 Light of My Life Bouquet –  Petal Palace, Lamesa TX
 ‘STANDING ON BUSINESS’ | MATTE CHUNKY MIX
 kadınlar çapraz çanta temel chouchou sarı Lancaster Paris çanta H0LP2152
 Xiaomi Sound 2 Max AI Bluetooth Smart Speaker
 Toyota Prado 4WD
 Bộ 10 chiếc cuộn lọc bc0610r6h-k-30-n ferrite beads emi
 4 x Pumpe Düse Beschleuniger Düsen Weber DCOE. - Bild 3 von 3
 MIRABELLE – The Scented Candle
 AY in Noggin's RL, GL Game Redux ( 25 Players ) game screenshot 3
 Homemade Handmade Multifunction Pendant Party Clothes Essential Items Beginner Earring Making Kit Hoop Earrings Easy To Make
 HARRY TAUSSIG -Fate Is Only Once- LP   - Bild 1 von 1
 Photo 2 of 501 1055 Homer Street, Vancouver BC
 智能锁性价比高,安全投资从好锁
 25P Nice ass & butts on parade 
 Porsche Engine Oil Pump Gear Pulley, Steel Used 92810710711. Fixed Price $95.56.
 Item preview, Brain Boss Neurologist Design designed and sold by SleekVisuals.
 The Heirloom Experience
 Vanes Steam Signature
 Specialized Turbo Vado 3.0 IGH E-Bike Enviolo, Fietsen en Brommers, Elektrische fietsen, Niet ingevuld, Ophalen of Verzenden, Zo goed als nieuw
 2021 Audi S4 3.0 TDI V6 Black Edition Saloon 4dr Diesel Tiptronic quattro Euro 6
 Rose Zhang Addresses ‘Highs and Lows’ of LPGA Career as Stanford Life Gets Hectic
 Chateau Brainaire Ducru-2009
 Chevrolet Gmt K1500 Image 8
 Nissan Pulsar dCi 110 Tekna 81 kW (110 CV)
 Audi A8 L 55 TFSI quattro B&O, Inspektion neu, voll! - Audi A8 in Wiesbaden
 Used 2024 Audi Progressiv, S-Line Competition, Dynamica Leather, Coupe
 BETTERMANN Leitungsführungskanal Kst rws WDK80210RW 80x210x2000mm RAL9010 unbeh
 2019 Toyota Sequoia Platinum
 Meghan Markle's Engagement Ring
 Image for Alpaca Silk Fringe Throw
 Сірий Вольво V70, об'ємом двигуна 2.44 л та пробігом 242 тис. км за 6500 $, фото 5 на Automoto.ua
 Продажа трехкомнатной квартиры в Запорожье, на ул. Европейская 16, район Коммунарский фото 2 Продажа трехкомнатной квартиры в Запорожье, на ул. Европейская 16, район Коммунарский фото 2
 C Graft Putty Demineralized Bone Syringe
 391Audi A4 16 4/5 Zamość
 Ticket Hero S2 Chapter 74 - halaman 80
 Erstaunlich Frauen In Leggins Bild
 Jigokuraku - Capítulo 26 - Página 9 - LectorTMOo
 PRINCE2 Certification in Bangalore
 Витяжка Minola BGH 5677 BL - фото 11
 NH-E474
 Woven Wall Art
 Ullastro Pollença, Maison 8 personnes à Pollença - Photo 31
◇ ◇ ◇
- _Task prompt_: What you give back should be only the lines of the records above, starting at the line with "MIRABELLE – The Scented Candle" and ending at the line with "智能锁性价比高,安全投资从好锁", restated word for word.

- _Response to this task_:
 MIRABELLE – The Scented Candle
 AY in Noggin's RL, GL Game Redux ( 25 Players ) game screenshot 3
 Homemade Handmade Multifunction Pendant Party Clothes Essential Items Beginner Earring Making Kit Hoop Earrings Easy To Make
 HARRY TAUSSIG -Fate Is Only Once- LP   - Bild 1 von 1
 Photo 2 of 501 1055 Homer Street, Vancouver BC
 智能锁性价比高,安全投资从好锁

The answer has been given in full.